There is no set allocation and the offering depends on availability.  Essentially, it is a supply and demand thing.  I would book when you are comfortable.  Treat it like buying an airline ticket.  We all hold out to some point and then accept the rate and non-refundable ticket.  But, before I would book the F&F, I would look at the regular rates (ones you can cancel) as sometimes they are the same.  You could book one of those and keep checking back for the F&F if you wish and then when you get closer and if the rates get lower, you can book that one and cancel the other.  

There just isn't a definitive answer.  My family never books more than a month out unless we only have the one option for the hotel.


----------



## mickeyluv

Rupert B Puppenstein said:


> There is no set allocation and the offering depends on availability.  Essentially, it is a supply and demand thing.  I would book when you are comfortable.  Treat it like buying an airline ticket.  We all hold out to some point and then accept the rate and non-refundable ticket.  But, before I would book the F&F, I would look at the regular rates (ones you can cancel) as sometimes they are the same.  You could book one of those and keep checking back for the F&F if you wish and then when you get closer and if the rates get lower, you can book that one and cancel the other.
> 
> There just isn't a definitive answer.  My family never books more than a month out unless we only have the one option for the hotel.

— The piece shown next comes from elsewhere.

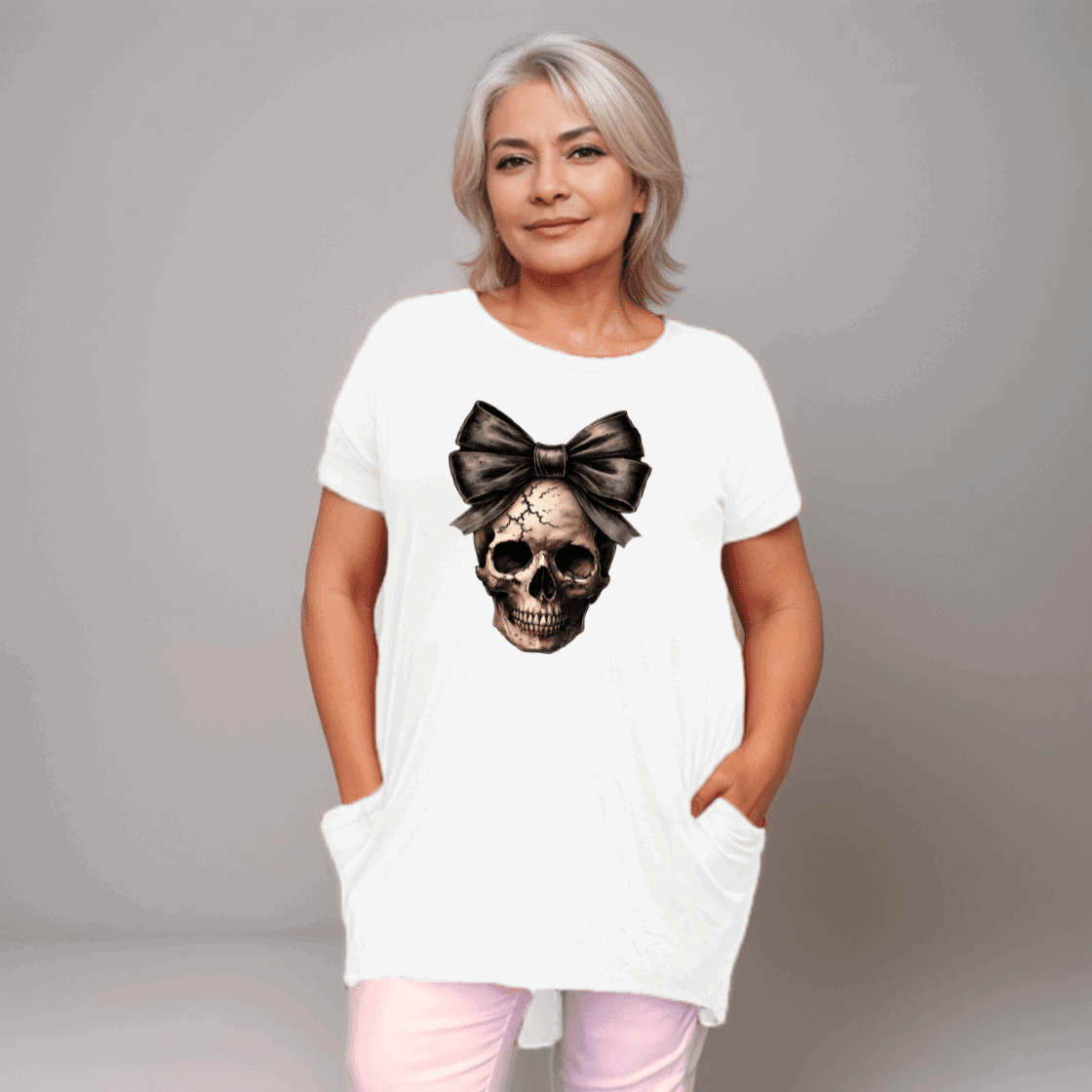 Long Skull with Bow T-Shirt with Side Pockets - FullFab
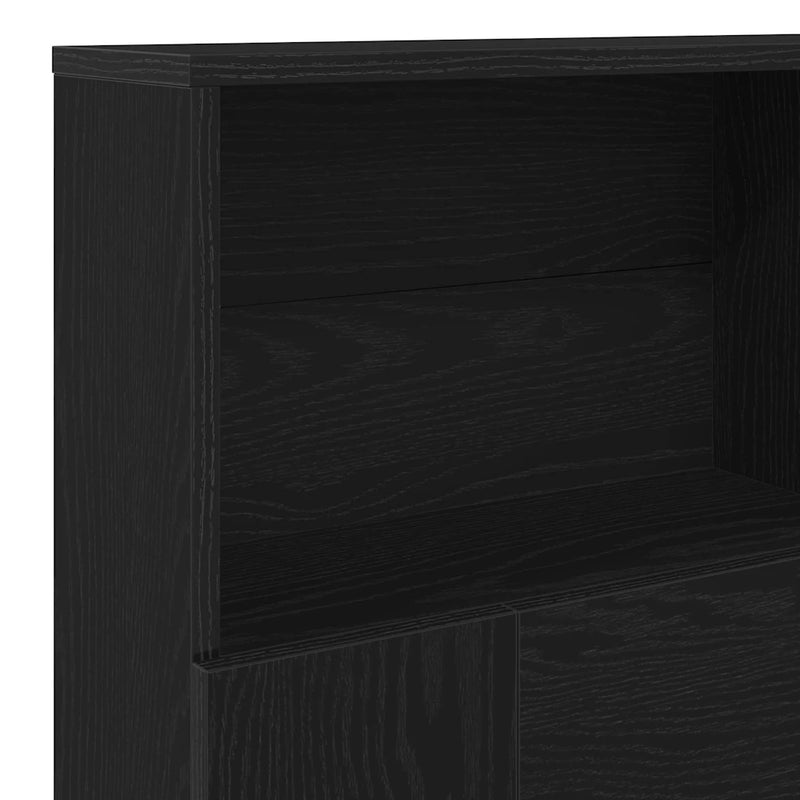 Headboard Cabinet Black Oak 200 x 19 x 103,5 cm Engineered Wood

Thanks so much for the help, I really appreciate it!  I will check the regular rates also.  Really appreciate your advice about waiting till about a month out...was thinking about that time frame myself, hopefully they won't be booked!


----------



## softballmom3

Thanks a lot for posting this link!  I know we will be staying somewhere on the way down and on the way back so hopefully we can use this. Much appreciated!


----------



## Rupert B Puppenstein

softballmom3 said:


> Thanks a lot for posting this link!  I know we will be staying somewhere on the way down and on the way back so hopefully we can use this. Much appreciated!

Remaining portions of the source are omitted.